(Prompt) Each entry that follows is to be retyped exactly. Pictures do not belong in the copy.

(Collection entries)
....................

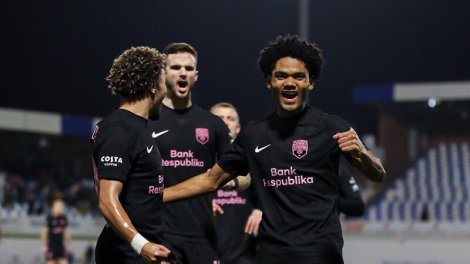 "Sabah" rəqibini darmadağın etdi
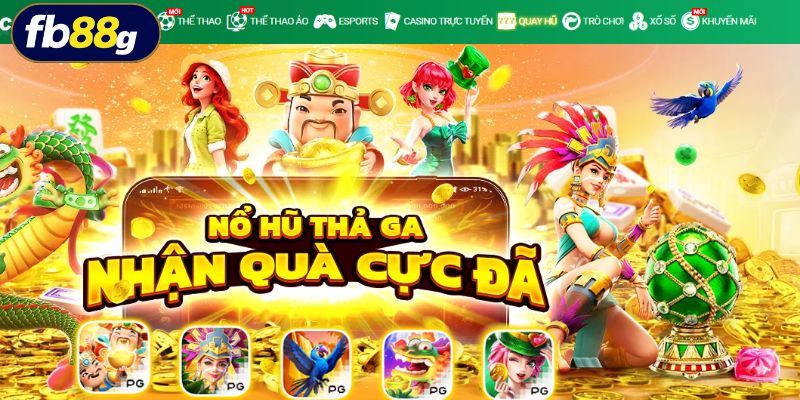 Giao diện trang web được thiết kế hiện đại, hình ảnh đẹp mắt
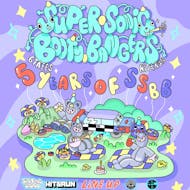 HIT & RUN presents SUPER SONIC BOOTY BANGERS: 5th Bday Picnic at Six Trees
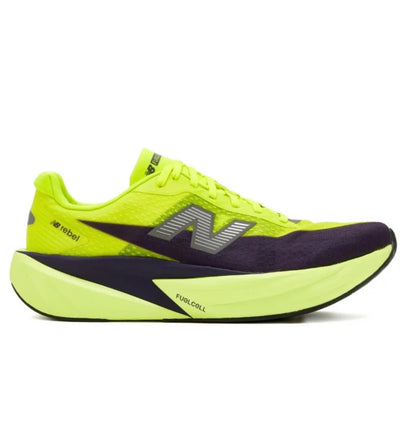 נעלי New Balance FuelCell Black Yellow מקוריות בעיצוב אופנתי עכשווי לקידום אתר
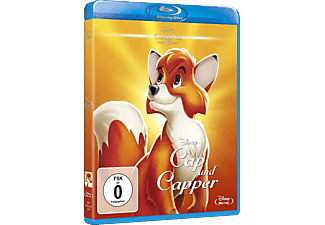 Cap und Capper (Disney Classics)  Blu-ray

....................

(Answer to the problem)
 "Sabah" rəqibini darmadağın etdi
 Giao diện trang web được thiết kế hiện đại, hình ảnh đẹp mắt
 HIT & RUN presents SUPER SONIC BOOTY BANGERS: 5th Bday Picnic at Six Trees
 נעלי New Balance FuelCell Black Yellow מקוריות בעיצוב אופנתי עכשווי לקידום אתר
 Cap und Capper (Disney Classics)  Blu-ray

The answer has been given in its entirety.